2 thoughts on “Pluralities, Counterparts, and Groups

  1. Massin, Olivier says:

    Thanks Isaac for that excellent presentation. Here is a general question coming from a more descriptive corner of social ontology. In this corner one main question is that of the cements of groups: what hold groups together? Why is a plurality a group of a kind rather that of another kind? Why is another plurality not a group of that kind? Answers are of the form: the cement of societies are contracts/collective intentionality; the cement of crowds are affective contagion; the cement of communities is solidarity/empathy; the cement of families are blood link; the cement of generation is date of birth, etc. etc.

    Such inquiries *seem”* to imply that groups is not just pluralities, but pluralities + kind of glues. But I suspect they may in the end be compatible with your approach, although I’m not quite sure how. So…how would a counterpart approach make room for such investigations into varieties of social glues? (sorry this is a very general question)

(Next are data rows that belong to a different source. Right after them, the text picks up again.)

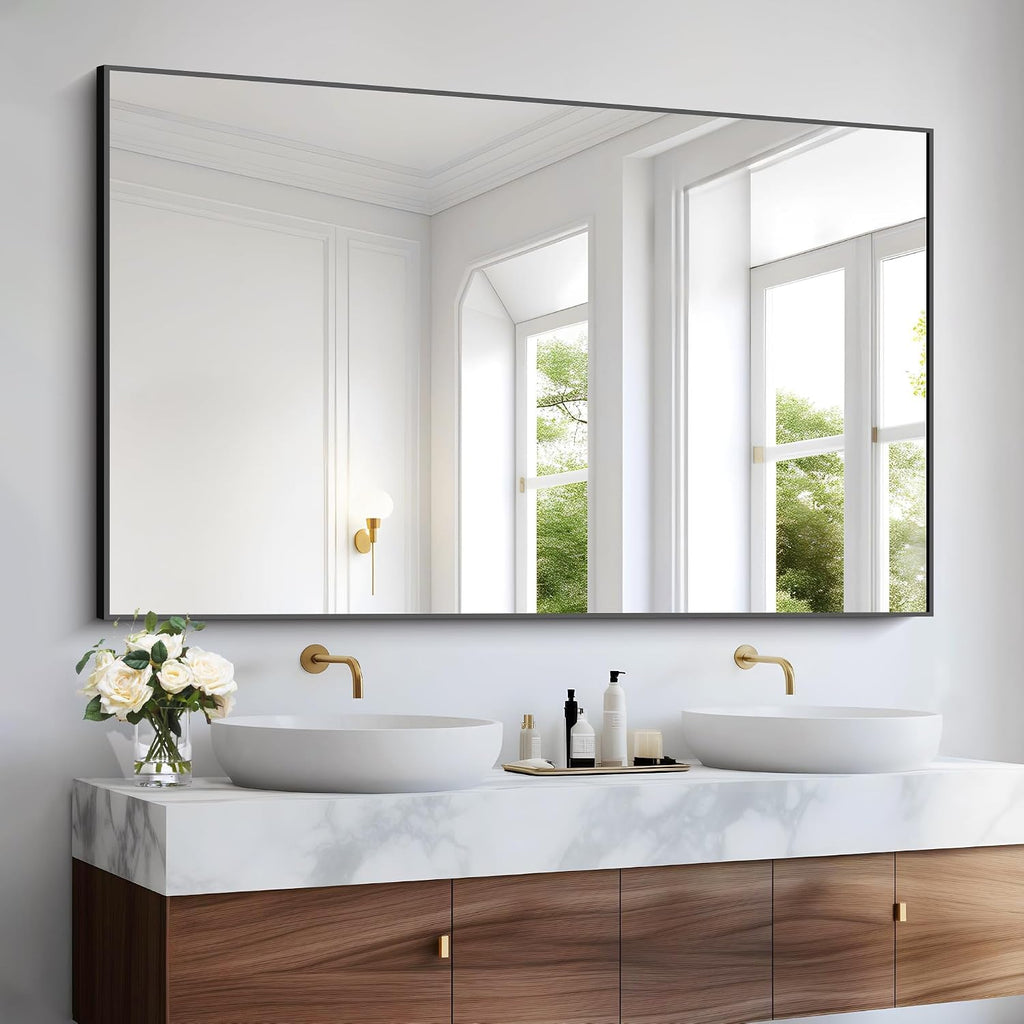 COFENY Bathroom Black Mirror, 36x55in Black Rectangle Mirror with Thin Metal Frame, Large Rectangular Wall Mirror for Bathroom, Living Room, Hair Salon, Big Farmhouse Mirror Hang Horizontal/Vertical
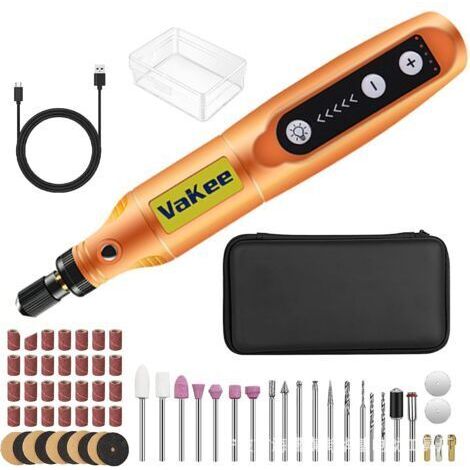 Outil rotatif sans fil 3,7 V, 5 vitesses, 18 000 tr/min max., mini perceuse sans fil avec lumière LED, 61 accessoires pour sculpter, polir, meuler, percer et bricoler.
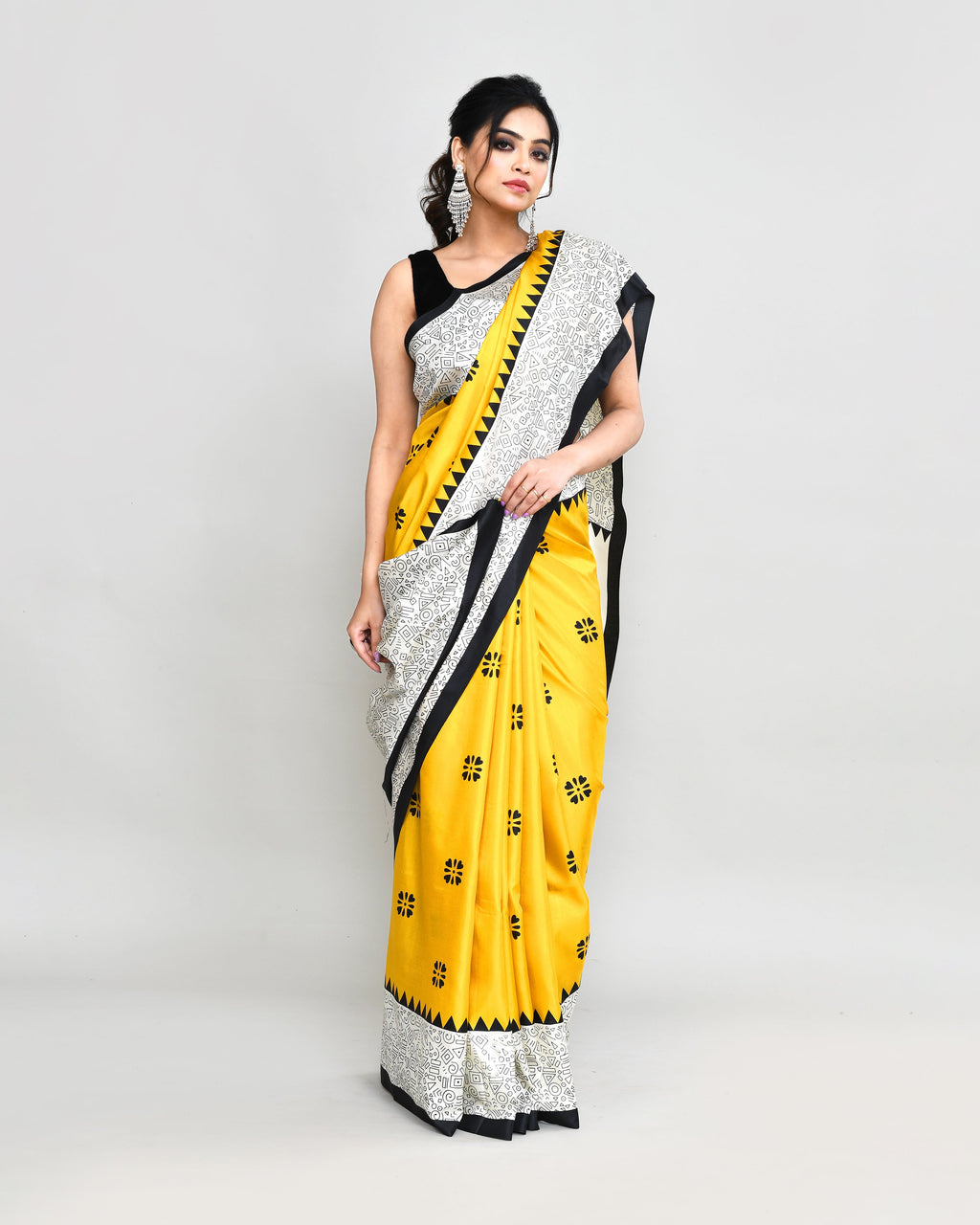 Golden Printed Silk Blend Saree with Matching Blouse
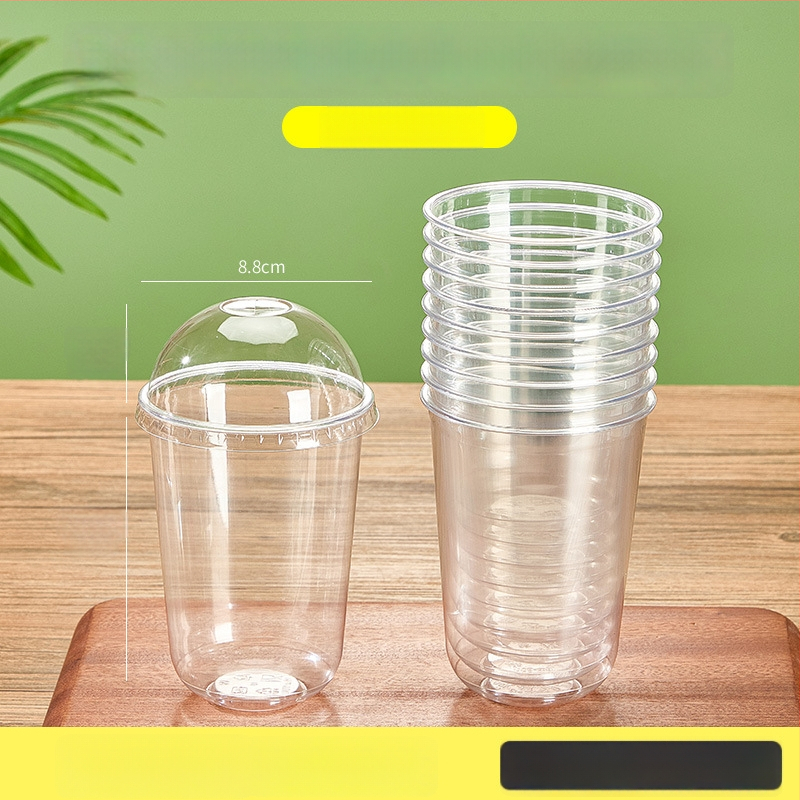 Jednokratna plastična čaša u U-obliku, 301–400 ml, visoko prozirna PET, pogodna za čaj s mlijekom, hladna pića, jogurt i ledenu kavu.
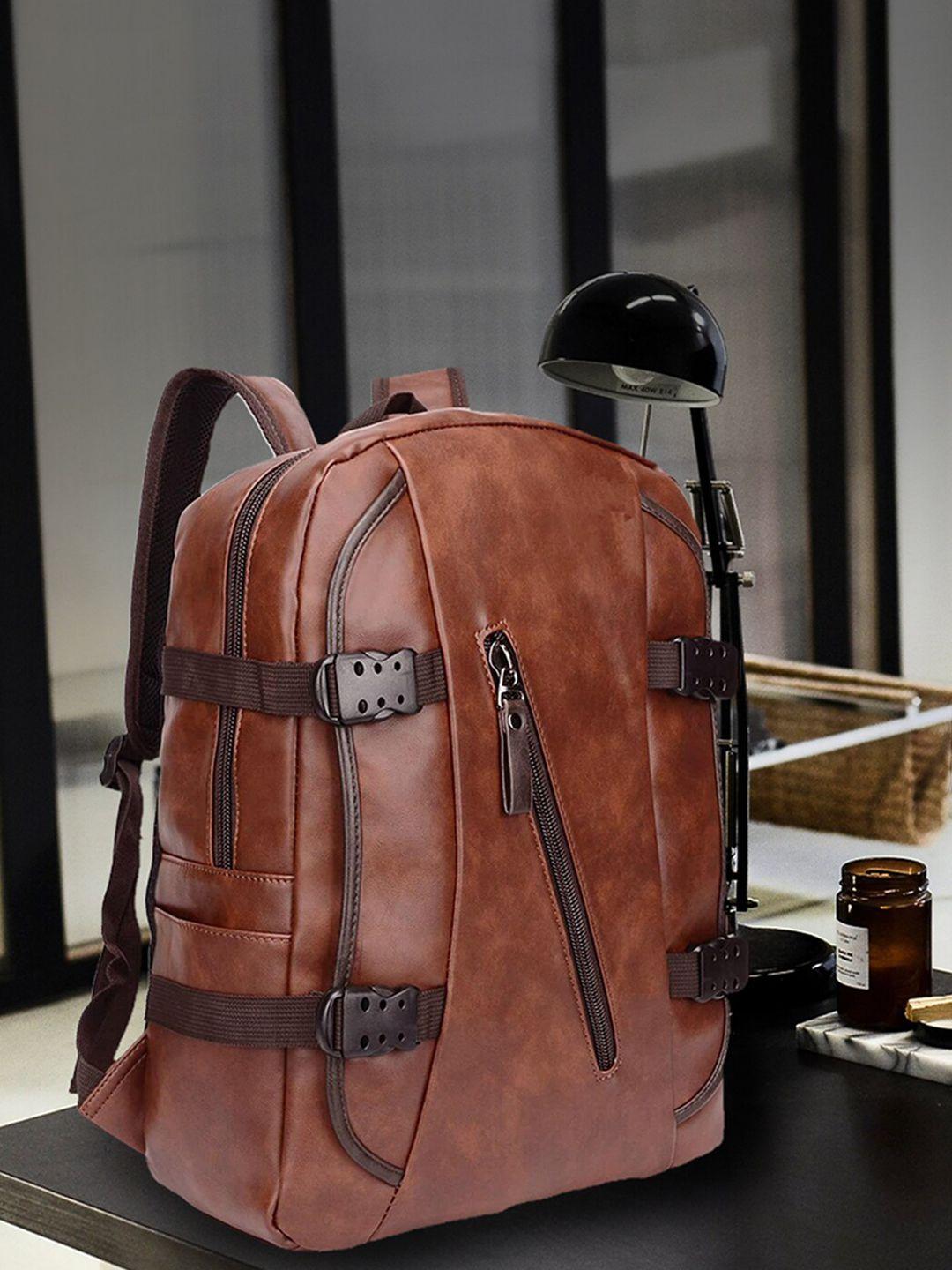 fur jaden unisex brown & black solid backpack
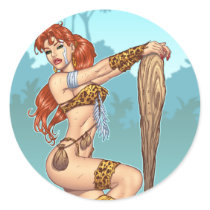 Sexy Redhead Cavewoman Customizable Pinup - Al Rio stickers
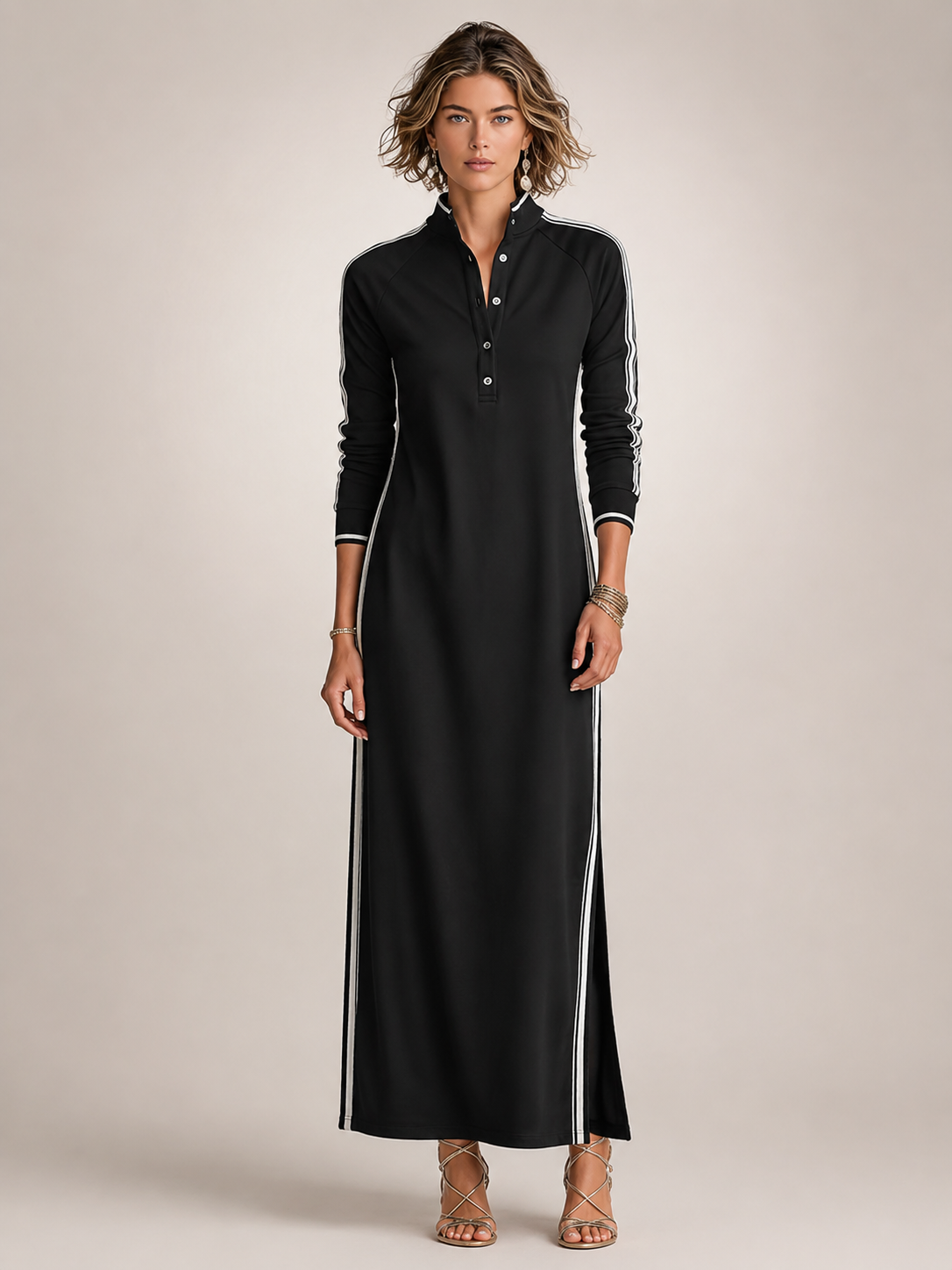 Frieda | Minimalistisches Sweatkleid in Maxilänge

    1. Wilhelm, Isaac says:

      Thanks for this question, Olivier. If I understand you right, you’re asking what unifying principle(s) (what you call `cement’) might characterize a given group. In other words, the question concerns what makes certain sorts of groups—societies, crowds, families, etc.—the very sorts of groups that they are. If that’s what you’re asking, then my answer is something like this: the unifying principle is some rule that helps us describe certain pluralities at times in a convenient sort of way. The unifying principle is not part of the group; it is not a component of what the group is. Rather, the unifying principle is a convenient description which we use to talk about the group.

      Perhaps it helps to draw an analogy with sets. One might ask: what `holds’ sets together? What unifying principles underlie certain sets? To make these questions concrete, consider the set of all homo sapiens. What `glue’—what unifying principle—underlies this set? Here’s a reasonable answer: it is unified by all its members having certain genes. Now, one might be tempted to draw the following conclusion: this set is not just its members, but rather, its members plus some principle about having certain specific genes. I would not draw this conclusion, however. I think that the set is, basically, just its members. The unifying principle is a description which we use to talk about those members: we use facts about certain organisms having certain genes in order to facilitate talking about, and theorizing about, the set of all homo sapiens.

      Similarly, I want to claim, for groups. Unifying principles—that mention things like social contracts, intentionality, and so on—are convenient ways to talk about societies. They are not parts of societies though. For societies—that is, these special sorts of groups—are just pluralities (at times).

      Ultimately, I agree with what you wrote at the end of your question: I think that everything you said is compatible with my approach. And here’s how I’d make room for investigations into social glues (which I agree are important): we need such investigations, because we need to better understand the various patterns that obtain among groups that we care about, and unifying principles help us do that. Theories of social groups are basically theories of group dynamics: they are theories, that is, of how various groups interact.